Haman wort seer hooge verheven van den Koningh, ver s 1. Alle de hovelingen buygen sich voor hem neder, uytgesondert Mordechai, 2. hier over vertoornt sich Haman seer, 5. Hy soeckt niet alleen Mordechai, maer alle de Ioden uyt te roeijen, 6. Ende hy laet het lot hier over werpen, 7. Hy klaeght de Ioden aen by den Koningh, 8. Ende versoeckt, dat alle de Ioden mochten verdelght worden, 9. ’t welck hem de Koningh consenteert, 10. Dit wort geschreven aen alle de Vorsten in alle lantschappen, 12. Ende daer worden posten afgesonden met dit bevel, 13. De Koningh ende Haman sitten en drincken, maer de stadt Susan is verbaest, 15.

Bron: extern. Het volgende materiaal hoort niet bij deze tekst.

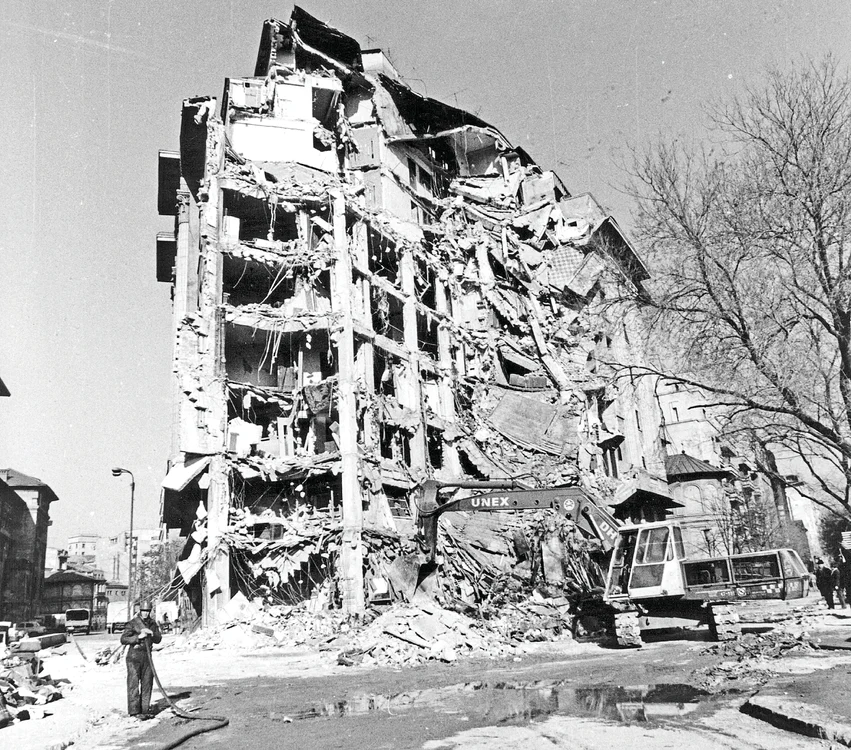 La cutremurul din 1977  au căzut 33 de clădiri. Foto: Getty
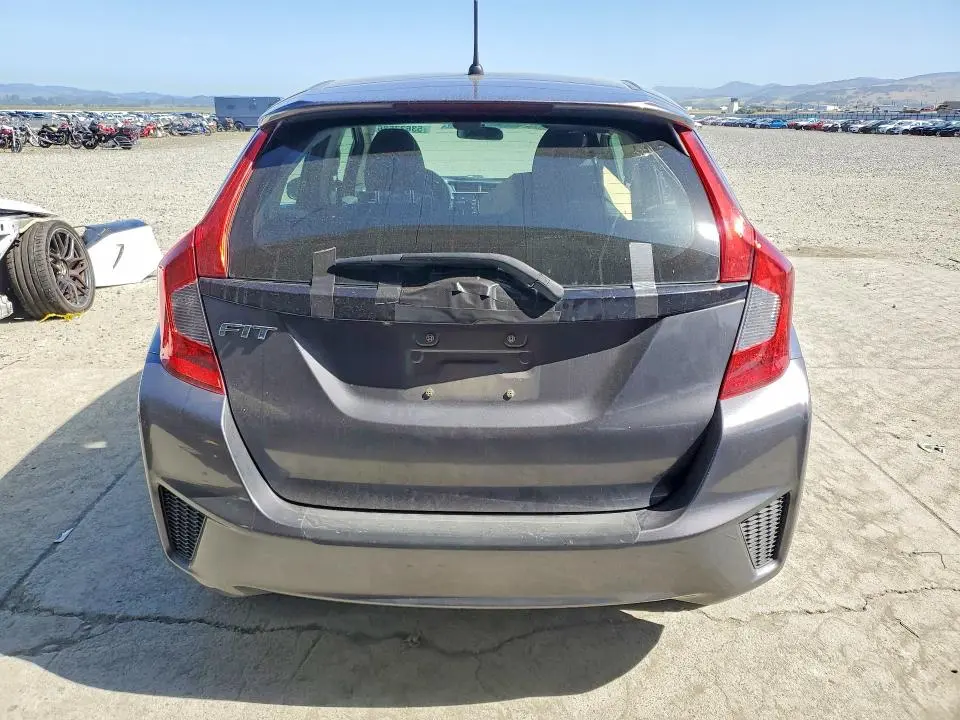 2015 HONDA FIT LX  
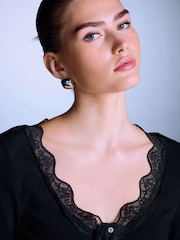 Czarny - Long Sleeve V-Neck Ribbed Lace Trim Top - Obraz 5 z 8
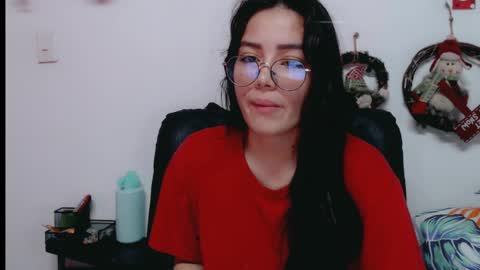 Snapshot of dani_jocelyn chatting on 12/10/24, 07:54 dani y jocelyn online show from 12/10/24, 07:54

1 NA dese geschiedenissen maeckte de Koningh Ahasveros Haman groot, den sone van Hammedatha den Agagiter, ende hy verhooghde hem: ende hy settede sijnen stoel boven alle de Vorsten die by hem waren.
2 Ende alle de knechten des Koninghs, die in de poorte des Koninghs waren, neyghden ende bogen sich neder voor Haman; want de Koningh hadde alsoo van hem bevolen: maer Mordechai en neyghde sich niet, noch en boogh sich niet neder.
3 Doe seyden de knechten des Koninghs die in de poorte des Koninghs waren, tot Mordechai: Waerom overtreedt ghy des Koninghs gebodt?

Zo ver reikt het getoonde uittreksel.